Gap in iOS 4 PDF
- Transfer
Now, if you visit a web page and upload a simple PDF file, you can give an attacker full access to your iPhone, iPod touch or iPad. A security vulnerability affects all iOS 4 and iPad devices.
Vulnerability is easy to use. By the way, the last, easiest way to jailbreak , which does not require a computer, uses the same method to crack Apple protection (but already in a non-hazardous mode for the user).
How it works?
It is enough for the user to visit a certain page using Safari. A page can automatically download a simple PDF document that contains a font hiding a special program. When your iOS device tries to display a PDF file, that font causes a stack overflow - a technical condition that allows the secret code inside the font to gain full control over the device.
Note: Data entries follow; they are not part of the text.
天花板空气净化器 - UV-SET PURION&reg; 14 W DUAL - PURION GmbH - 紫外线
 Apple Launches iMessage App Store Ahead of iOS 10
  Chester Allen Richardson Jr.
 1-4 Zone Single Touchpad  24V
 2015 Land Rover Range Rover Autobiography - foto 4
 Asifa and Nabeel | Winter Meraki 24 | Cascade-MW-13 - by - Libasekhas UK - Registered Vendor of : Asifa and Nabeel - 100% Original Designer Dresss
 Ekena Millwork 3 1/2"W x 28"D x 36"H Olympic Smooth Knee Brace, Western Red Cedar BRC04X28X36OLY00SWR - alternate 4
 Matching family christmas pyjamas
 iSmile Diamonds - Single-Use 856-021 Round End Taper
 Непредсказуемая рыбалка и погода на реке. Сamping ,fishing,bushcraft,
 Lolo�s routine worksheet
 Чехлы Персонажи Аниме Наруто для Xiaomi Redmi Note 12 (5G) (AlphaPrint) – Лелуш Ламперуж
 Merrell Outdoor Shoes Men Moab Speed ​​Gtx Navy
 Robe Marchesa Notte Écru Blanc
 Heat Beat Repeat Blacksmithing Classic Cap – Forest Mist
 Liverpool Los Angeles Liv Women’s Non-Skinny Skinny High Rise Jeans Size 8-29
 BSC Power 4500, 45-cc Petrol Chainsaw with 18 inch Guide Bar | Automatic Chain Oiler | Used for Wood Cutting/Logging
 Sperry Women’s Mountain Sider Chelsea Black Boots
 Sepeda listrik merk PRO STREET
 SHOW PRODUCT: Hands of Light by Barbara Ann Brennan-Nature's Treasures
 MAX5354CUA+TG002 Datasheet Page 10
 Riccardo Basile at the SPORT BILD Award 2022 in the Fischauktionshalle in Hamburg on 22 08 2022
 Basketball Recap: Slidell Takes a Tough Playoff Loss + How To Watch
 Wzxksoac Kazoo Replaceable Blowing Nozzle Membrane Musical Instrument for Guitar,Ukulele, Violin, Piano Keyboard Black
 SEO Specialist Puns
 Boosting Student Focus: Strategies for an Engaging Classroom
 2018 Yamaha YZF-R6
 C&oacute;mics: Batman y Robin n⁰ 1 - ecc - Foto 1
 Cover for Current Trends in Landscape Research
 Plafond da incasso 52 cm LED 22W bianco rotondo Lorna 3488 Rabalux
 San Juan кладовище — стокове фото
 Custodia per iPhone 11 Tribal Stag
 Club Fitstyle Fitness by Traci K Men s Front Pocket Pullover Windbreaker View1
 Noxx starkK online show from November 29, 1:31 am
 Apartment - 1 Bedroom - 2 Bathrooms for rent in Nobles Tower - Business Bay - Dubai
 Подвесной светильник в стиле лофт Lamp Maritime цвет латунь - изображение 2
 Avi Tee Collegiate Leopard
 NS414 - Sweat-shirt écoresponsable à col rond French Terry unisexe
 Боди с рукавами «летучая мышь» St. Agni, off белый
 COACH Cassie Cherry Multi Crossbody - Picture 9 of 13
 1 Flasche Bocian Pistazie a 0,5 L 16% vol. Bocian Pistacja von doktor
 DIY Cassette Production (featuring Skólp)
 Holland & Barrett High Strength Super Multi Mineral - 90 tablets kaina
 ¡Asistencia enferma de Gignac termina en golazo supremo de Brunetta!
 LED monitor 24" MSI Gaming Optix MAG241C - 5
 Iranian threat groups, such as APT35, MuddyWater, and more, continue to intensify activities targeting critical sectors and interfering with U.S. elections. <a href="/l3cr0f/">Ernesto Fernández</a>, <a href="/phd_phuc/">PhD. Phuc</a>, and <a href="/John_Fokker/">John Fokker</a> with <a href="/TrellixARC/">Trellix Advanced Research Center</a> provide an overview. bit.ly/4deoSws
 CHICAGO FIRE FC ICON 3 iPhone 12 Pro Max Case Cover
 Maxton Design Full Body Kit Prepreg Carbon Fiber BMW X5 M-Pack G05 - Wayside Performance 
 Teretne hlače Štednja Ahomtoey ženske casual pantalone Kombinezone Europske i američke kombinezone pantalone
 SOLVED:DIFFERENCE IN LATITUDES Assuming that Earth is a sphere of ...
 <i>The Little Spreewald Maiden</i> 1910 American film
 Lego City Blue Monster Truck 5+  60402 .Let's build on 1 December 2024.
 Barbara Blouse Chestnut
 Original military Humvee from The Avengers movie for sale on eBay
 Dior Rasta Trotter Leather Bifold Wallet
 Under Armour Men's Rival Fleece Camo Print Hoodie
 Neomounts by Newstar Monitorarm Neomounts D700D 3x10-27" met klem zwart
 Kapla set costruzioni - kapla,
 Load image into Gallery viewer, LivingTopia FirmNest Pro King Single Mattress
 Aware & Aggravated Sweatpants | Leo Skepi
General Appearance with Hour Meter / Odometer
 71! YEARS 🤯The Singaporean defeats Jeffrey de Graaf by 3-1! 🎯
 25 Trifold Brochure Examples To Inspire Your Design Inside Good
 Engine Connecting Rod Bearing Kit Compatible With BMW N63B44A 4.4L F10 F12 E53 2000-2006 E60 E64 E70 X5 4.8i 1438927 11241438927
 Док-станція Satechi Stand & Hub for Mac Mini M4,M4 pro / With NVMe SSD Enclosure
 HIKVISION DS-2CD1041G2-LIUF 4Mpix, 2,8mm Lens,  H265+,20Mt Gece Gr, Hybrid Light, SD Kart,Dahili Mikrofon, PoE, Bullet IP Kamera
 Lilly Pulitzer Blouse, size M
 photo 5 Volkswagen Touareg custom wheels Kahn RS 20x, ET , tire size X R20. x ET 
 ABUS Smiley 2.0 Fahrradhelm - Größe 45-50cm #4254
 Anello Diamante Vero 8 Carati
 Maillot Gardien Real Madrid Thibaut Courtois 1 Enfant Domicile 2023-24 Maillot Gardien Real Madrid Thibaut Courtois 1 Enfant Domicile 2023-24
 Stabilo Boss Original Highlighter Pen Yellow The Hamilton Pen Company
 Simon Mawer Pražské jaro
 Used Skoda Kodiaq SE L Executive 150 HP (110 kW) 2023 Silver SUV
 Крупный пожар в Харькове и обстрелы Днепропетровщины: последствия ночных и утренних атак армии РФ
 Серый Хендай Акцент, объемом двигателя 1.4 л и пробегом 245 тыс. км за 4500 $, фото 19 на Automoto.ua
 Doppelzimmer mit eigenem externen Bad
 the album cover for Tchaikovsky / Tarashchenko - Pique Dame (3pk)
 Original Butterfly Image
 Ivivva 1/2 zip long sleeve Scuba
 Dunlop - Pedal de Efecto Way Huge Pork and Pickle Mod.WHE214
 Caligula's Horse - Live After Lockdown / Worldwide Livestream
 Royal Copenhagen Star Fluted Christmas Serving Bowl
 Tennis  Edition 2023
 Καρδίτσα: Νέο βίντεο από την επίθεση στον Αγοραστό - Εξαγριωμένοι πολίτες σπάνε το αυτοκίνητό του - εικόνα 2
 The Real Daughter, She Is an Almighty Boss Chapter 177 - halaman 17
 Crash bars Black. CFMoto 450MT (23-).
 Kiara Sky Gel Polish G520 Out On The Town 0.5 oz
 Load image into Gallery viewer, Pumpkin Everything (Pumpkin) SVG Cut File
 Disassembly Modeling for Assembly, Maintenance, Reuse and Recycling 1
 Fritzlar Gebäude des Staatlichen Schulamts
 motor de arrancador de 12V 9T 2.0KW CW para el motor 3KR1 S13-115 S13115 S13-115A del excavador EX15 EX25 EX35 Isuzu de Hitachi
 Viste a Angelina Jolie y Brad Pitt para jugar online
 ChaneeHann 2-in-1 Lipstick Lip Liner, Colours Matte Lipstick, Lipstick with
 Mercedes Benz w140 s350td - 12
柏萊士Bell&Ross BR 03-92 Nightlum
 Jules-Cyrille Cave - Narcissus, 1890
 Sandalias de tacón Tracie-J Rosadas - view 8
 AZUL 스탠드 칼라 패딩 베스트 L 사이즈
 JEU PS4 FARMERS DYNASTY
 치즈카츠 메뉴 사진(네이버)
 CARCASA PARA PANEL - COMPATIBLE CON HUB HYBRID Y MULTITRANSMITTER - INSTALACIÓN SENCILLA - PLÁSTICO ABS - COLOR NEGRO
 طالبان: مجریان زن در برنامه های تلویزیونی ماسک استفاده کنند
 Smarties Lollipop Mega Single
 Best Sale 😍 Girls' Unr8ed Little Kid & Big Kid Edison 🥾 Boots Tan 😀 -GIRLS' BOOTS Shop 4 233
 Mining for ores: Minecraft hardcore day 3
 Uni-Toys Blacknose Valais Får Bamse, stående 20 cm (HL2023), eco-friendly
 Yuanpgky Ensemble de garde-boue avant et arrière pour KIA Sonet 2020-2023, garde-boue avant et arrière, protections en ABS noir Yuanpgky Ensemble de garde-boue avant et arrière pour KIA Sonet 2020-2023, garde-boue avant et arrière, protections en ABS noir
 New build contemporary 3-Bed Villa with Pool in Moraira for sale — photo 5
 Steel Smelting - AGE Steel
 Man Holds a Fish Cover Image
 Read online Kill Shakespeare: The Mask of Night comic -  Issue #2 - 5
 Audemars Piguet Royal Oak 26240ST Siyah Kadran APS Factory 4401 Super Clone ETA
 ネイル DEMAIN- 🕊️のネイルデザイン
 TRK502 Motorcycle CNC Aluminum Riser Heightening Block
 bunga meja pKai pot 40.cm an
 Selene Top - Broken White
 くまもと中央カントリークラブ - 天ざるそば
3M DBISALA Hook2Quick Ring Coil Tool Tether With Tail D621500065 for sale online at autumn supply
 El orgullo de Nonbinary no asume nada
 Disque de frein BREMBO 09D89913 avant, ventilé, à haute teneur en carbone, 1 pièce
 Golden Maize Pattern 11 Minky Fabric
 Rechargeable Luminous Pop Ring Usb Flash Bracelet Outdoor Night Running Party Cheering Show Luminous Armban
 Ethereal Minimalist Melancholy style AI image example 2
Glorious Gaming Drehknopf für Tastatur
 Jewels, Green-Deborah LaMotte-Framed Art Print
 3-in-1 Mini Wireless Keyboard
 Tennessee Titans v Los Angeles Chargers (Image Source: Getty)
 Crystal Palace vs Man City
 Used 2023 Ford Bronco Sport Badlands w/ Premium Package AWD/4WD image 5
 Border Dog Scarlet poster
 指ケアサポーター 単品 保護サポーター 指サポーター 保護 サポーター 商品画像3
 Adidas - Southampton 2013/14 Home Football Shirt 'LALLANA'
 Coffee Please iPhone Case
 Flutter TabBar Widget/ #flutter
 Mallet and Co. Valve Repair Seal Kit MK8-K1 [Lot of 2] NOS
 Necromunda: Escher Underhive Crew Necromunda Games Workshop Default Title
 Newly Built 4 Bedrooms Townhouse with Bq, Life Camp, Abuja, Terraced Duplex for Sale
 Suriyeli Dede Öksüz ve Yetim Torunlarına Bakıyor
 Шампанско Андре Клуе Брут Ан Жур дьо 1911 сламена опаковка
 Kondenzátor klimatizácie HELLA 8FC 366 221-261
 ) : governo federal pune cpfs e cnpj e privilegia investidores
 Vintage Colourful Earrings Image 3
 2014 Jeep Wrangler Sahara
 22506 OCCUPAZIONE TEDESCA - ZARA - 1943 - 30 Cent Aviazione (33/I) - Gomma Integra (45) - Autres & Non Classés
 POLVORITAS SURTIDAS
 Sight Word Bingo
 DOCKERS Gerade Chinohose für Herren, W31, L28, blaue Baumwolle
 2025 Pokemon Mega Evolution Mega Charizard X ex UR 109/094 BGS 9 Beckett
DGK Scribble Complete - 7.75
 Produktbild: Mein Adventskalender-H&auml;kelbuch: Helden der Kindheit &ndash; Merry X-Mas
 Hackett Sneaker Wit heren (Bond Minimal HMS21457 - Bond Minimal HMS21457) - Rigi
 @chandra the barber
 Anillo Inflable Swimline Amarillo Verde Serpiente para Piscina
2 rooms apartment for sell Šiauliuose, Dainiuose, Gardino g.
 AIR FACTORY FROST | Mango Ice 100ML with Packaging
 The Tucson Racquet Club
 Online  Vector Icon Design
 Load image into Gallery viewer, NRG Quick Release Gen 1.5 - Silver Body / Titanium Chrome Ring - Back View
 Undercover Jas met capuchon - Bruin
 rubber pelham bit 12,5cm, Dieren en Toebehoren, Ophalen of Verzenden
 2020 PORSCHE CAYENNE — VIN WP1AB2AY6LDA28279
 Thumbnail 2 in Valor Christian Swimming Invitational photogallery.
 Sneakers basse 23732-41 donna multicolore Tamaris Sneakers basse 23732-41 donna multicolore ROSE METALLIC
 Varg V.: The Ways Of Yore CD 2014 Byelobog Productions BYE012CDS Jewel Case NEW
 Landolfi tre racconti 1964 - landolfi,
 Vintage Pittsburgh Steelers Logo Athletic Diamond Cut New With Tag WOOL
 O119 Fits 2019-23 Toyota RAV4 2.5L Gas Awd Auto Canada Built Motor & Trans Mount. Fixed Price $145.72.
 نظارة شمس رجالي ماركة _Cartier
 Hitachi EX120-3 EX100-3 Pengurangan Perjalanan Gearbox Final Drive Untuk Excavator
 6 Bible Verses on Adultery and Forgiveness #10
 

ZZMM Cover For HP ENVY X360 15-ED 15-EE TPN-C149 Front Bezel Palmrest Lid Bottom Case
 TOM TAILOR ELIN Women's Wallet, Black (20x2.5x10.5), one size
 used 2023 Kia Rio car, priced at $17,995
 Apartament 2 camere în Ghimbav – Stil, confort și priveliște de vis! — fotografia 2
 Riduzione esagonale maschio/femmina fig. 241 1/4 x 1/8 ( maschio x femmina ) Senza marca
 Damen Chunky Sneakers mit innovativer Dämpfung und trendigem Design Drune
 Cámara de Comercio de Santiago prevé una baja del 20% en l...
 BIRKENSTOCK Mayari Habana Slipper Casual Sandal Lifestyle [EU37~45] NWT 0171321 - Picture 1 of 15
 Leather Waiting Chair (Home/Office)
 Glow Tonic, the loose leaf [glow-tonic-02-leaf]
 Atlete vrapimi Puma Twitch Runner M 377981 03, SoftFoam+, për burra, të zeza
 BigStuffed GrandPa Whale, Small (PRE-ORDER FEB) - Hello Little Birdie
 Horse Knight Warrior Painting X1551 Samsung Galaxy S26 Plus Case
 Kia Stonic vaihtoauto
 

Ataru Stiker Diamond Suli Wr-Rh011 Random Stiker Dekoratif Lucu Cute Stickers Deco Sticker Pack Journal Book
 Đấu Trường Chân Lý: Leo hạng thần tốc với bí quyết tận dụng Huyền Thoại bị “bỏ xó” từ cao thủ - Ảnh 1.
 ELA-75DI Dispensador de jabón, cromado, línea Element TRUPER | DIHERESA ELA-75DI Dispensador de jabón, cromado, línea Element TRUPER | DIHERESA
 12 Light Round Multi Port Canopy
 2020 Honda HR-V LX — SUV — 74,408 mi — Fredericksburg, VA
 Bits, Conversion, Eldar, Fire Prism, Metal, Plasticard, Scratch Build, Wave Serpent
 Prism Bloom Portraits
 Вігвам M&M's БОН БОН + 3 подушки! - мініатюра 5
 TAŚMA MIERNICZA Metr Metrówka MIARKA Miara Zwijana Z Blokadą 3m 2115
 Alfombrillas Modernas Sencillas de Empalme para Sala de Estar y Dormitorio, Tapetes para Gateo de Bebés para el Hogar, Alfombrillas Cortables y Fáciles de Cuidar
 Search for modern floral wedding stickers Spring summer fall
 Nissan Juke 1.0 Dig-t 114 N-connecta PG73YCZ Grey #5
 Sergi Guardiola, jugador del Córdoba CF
As a result, without any user intervention, this program can do whatever it wants on your iPhone, iPod touch or iPad. All you can imagine: delete files, transfer files, install background programs to track your actions ... everything can be done.
This is not the first time this has happened. At the beginning of the life of the iPhone, there was a problem with TIFF files, which was a similar security flaw. Apple soon fixed the vulnerability, but before there were very few iPhones compared to today's numbers. Apple claims that more than one hundred million iPhones, iPod touch and iPad have been sold worldwide. Obviously, hackers are trying to gain access to such a large device market.
How can this be avoided?
At the moment, the easiest way to avoid this problem is to not click on any PDF links directly and not download PDF files from untrusted sources. Here, the author could have made a mistake by not saying that other web pages could also harm your iPhone.
You can also jailbreak your iPhone and install a program that will ask for permission every time your browser encounters a PDF (look for “PDF loading warner” in Cydia ).
Although this does not solve the security problem, at least the program will warn you about the danger.
Apple has not yet commented on the situation.